Sleeping Giant Provincial Park
In Ojibway legend, the Sleeping Giant is known as Nanabijou, who turned to stone for revealing the secret location of Silver Islet to white men.
We head out down the trails marked for the Giant’s knees, recommended by park staff as the most scenic views of the lake. The trailhead begins down the Kabeyun path for a winding 6 km through a serene wooded landscape. The sound of soft waves roll in the back of nature’s harmonious overture amongst the buzz of cicadas and chatter of red squirrels defending their space on the rugged trail.
Though groups of hikers or mountain bikers may join you on the trails, you’re just as likely to see a deer gracefully jump out of the woods and onto the trail to greet you. As the brisk morning coolness edges off, hikers wishing to ascend to the top of the Giant can trail off at the crossroads not far past Tea Harbour.
The head of Talus Lake Trail eases hikers into the jagged ascent, scrambling through root-crusted paths littered with loose stones and steep log-built staircases. Despite the park’s sleepy name, the trek to the top of the Sleeping Giant calls the body to a bold alertness with each step.

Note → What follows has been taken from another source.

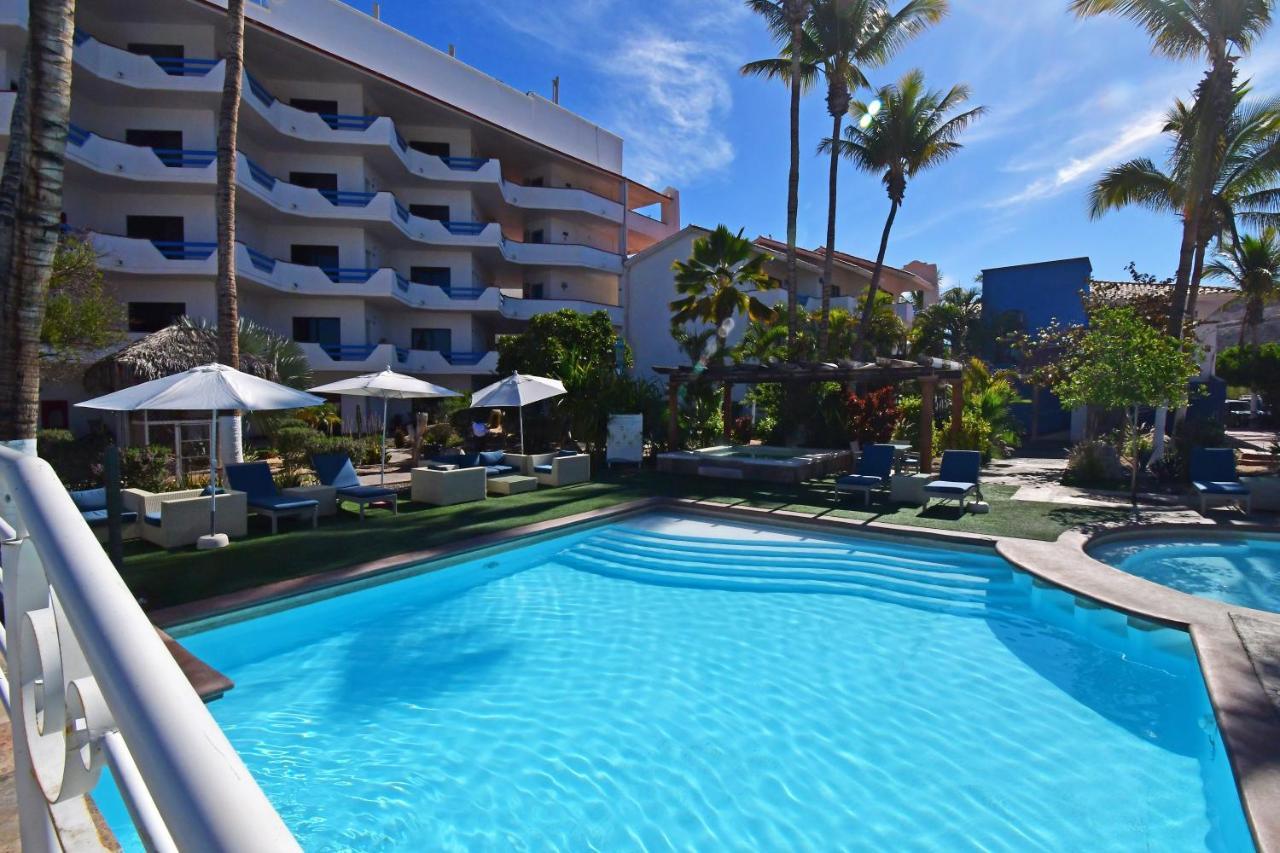 The Westmarine Waterfront Hotel La Paz Esterno foto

The path soon opens to a ruggedly enchanting area of wildflowers and tall, sweet grass. This secluded meadow offers some of the most beautiful views on the trail including a glimpse of the Sleeping Giant’s breathtaking crest.
What soon follows is a rigorous 2.7 km of tight switchback staircases with a few gentle rising paths. Hikers who’ve packed sufficient supplies of water (and it’s strongly encouraged that everyone does so) will be grateful they’ve been lugging the extra weight. Though strenuous, the steep ascent means the brisk rise is covered quickly and the trail returns to relatively flat and shaded terrain.
Despite its photogenic nature, the view from atop the Sleeping Giant’s knees remains far more impressive to the naked eye. Hikers peer out over chimney-like volcanic rock outcrops, which plummet to the forest floor below at the base of Lake Superior. From here, one can begin to see the vastness of the lake, with shores stretching to the northern edges of Wisconsin and covering as many square kilometres as the state of South Carolina.
Sleeping Giant Provincial Park’s gentle name may evoke an image of peaceful strolling trails, but like its contrary history in Ojibway legend, the park also surprises with vigorous trails and technical climbs that lead to breathtaking views, making it one of Thunder Bay’s most iconic natural attractions and one of Canada’s most rewarding day hikes.